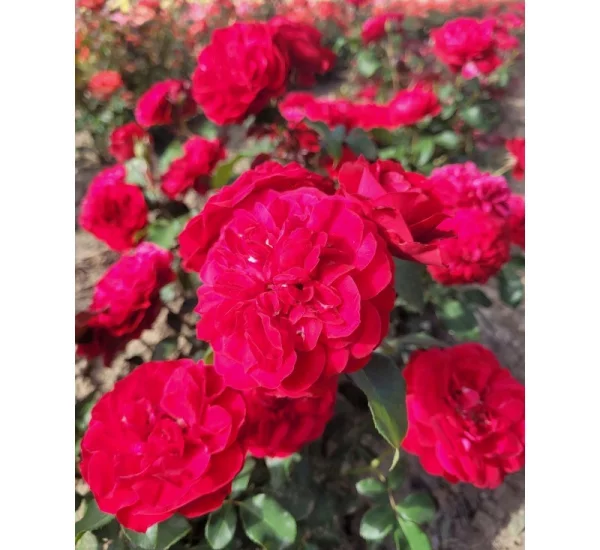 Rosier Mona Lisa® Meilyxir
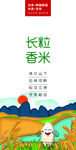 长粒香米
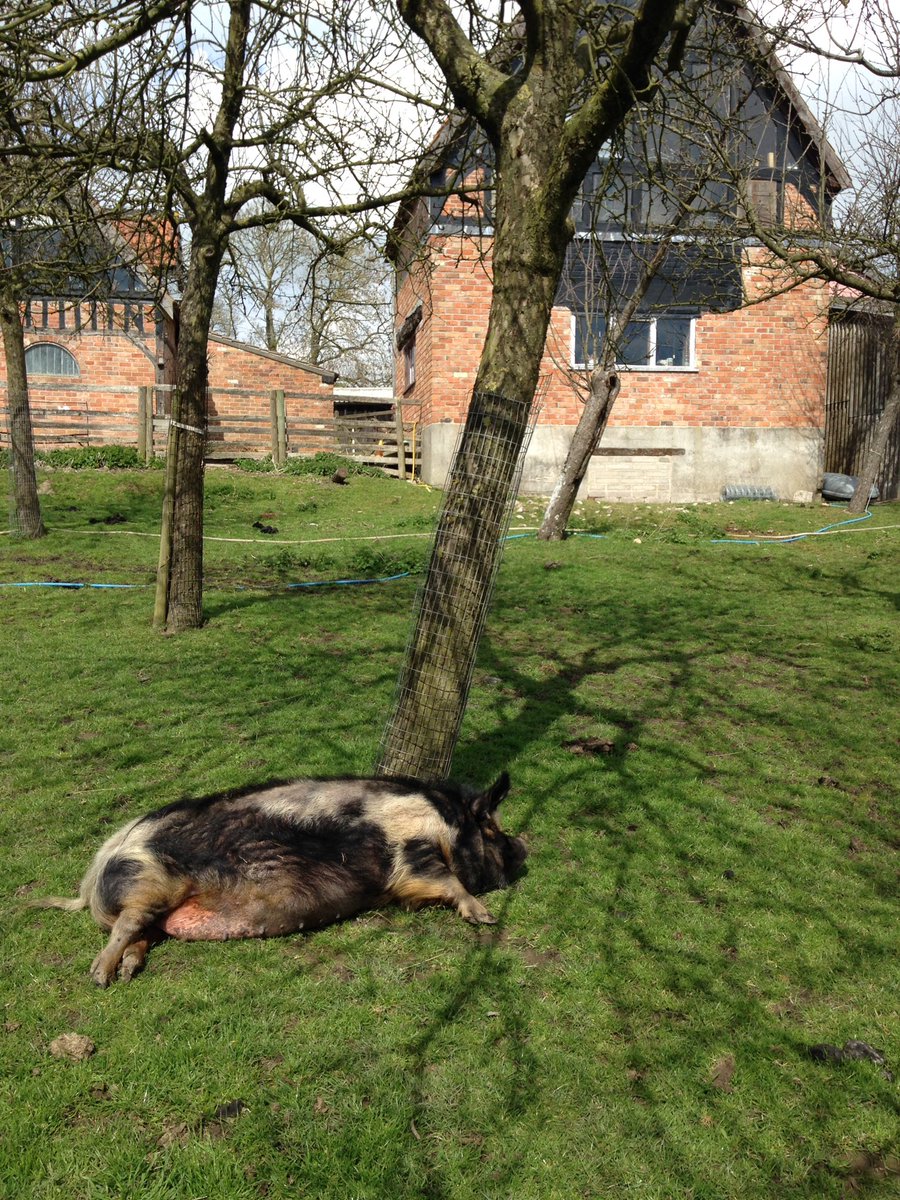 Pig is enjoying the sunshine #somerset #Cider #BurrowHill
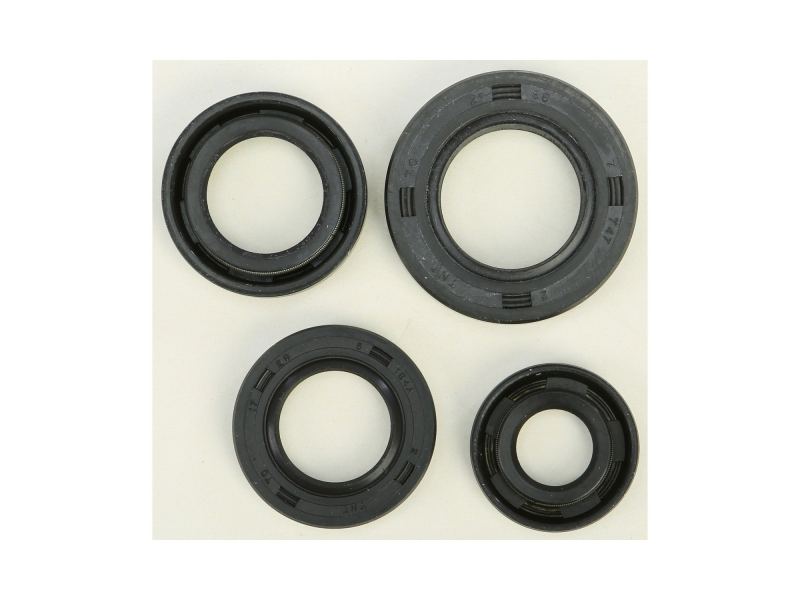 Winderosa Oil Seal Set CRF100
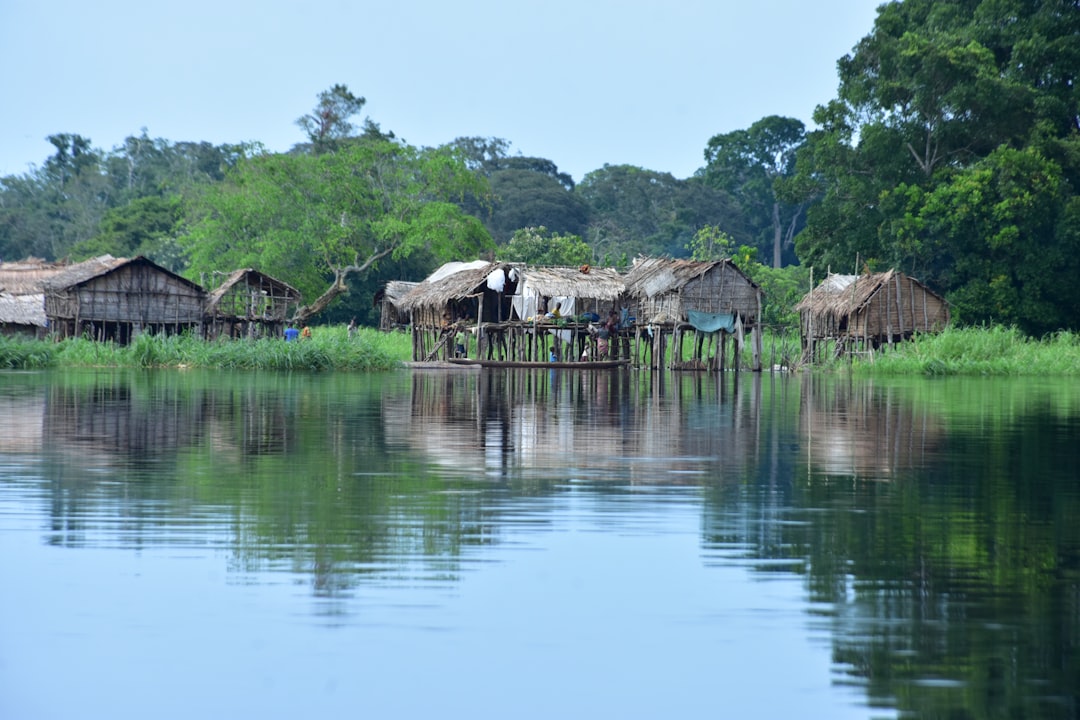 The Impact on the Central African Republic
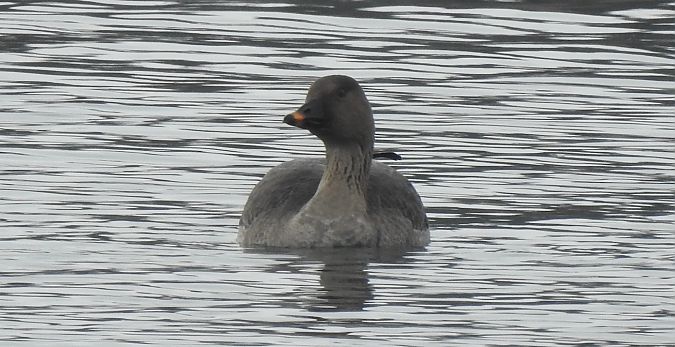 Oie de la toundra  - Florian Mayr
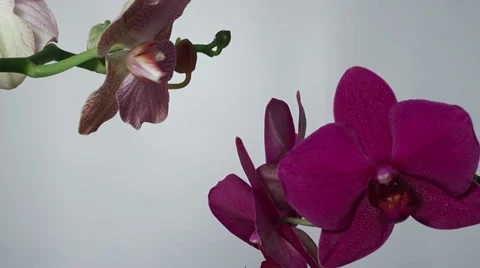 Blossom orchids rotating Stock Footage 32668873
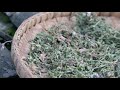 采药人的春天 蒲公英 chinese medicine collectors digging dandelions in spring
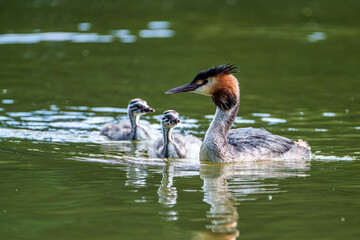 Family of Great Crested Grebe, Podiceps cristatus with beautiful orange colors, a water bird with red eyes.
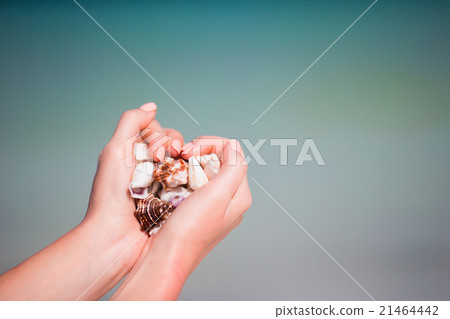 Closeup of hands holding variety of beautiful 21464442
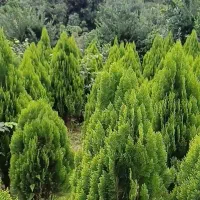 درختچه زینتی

Aim of the exercise
Pictures must not appear in the copy, and every record must be restated word for word.

Answer section
 Rosier Mona Lisa® Meilyxir
 长粒香米
 Pig is enjoying the sunshine #somerset #Cider #BurrowHill
 Winderosa Oil Seal Set CRF100
 The Impact on the Central African Republic
 Oie de la toundra  - Florian Mayr
 Blossom orchids rotating Stock Footage 32668873
 采药人的春天 蒲公英 chinese medicine collectors digging dandelions in spring
 Family of Great Crested Grebe, Podiceps cristatus with beautiful orange colors, a water bird with red eyes.
 Closeup of hands holding variety of beautiful 21464442
 درختچه زینتی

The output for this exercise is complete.